** Exercise objective **
All of the records below must be output exactly, with no pictures carried over.
[Data section — start]
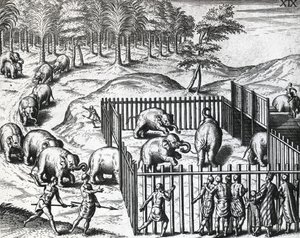 Caza de elefantes en el reino de Pegu de Theodore de Bry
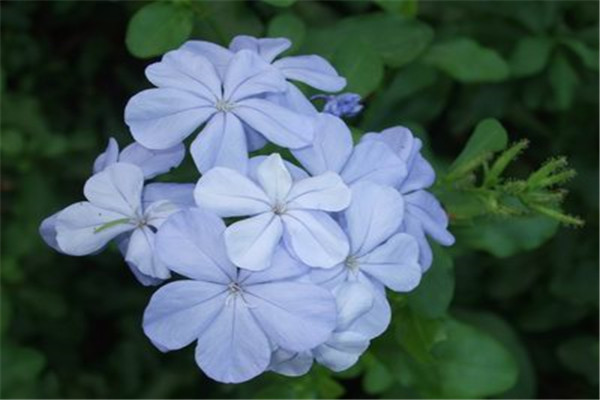 蓝花丹和白花丹的区别 蓝花丹和白花丹的区别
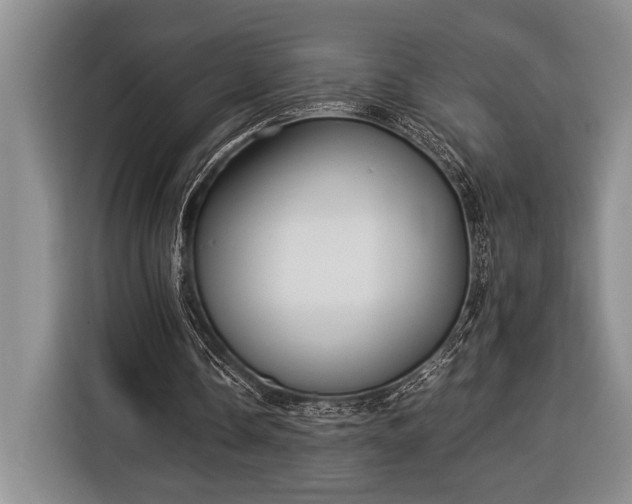 X0000116390338200912091439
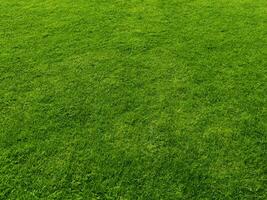 fondo de textura de hierba verde concepto de jardín de hierba utilizado para hacer campo de fútbol de fondo verde, golf de hierba, fondo de textura de patrón de césped verde.. foto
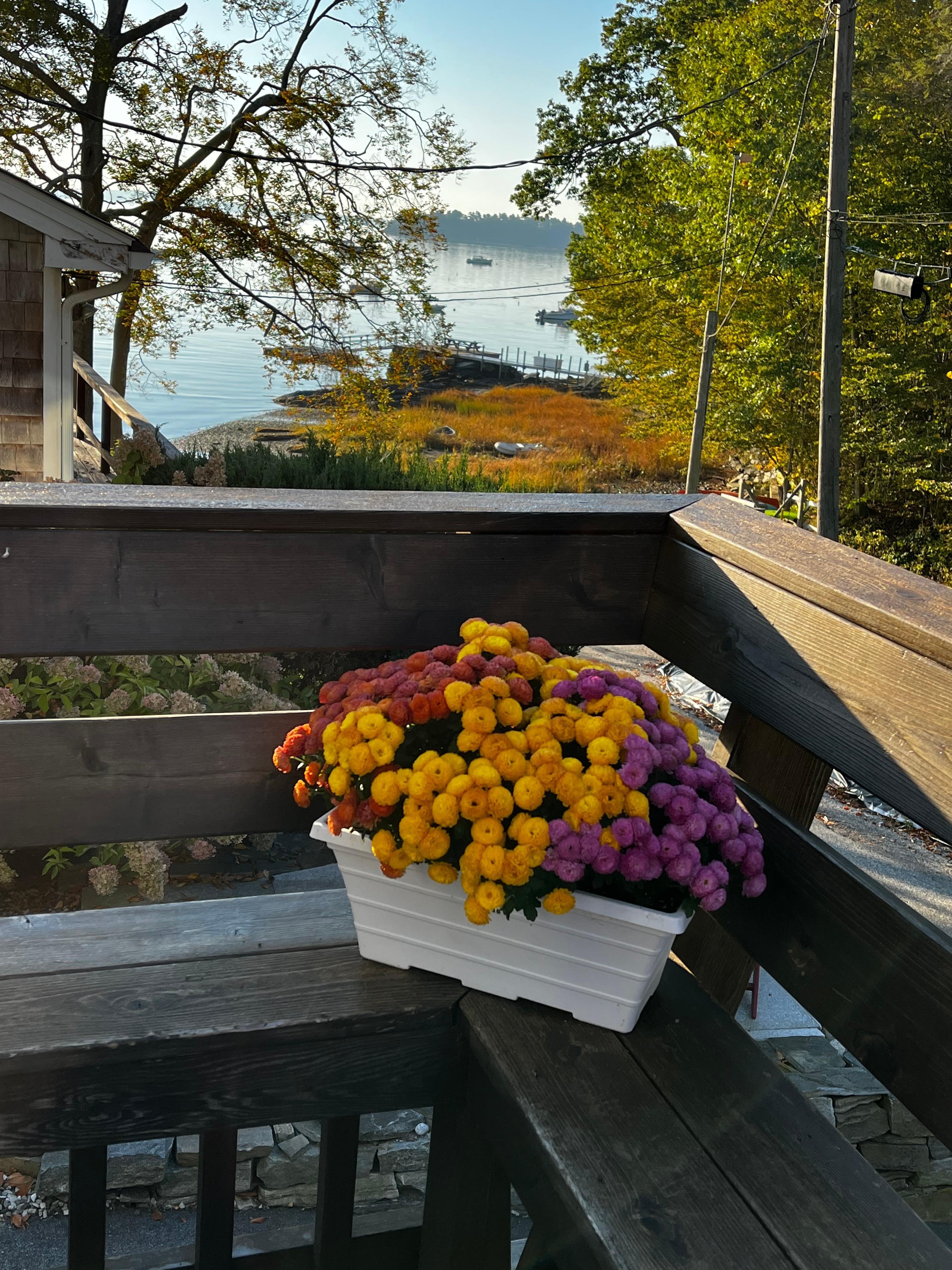 Flowers were a nice addition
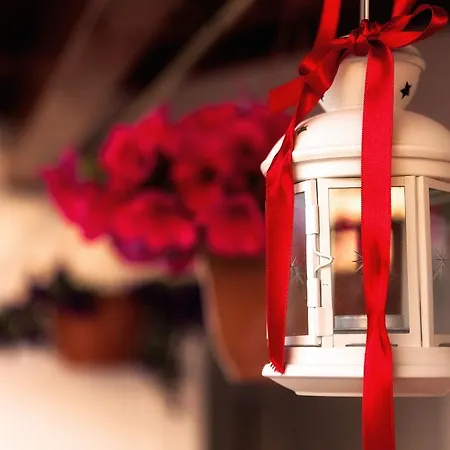 Landsted A Quinta Da Estrelinha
[Data section — finish]
** Result of this exercise **
 Caza de elefantes en el reino de Pegu de Theodore de Bry
 蓝花丹和白花丹的区别 蓝花丹和白花丹的区别
 X0000116390338200912091439
 fondo de textura de hierba verde concepto de jardín de hierba utilizado para hacer campo de fútbol de fondo verde, golf de hierba, fondo de textura de patrón de césped verde.. foto
 Flowers were a nice addition
 Landsted A Quinta Da Estrelinha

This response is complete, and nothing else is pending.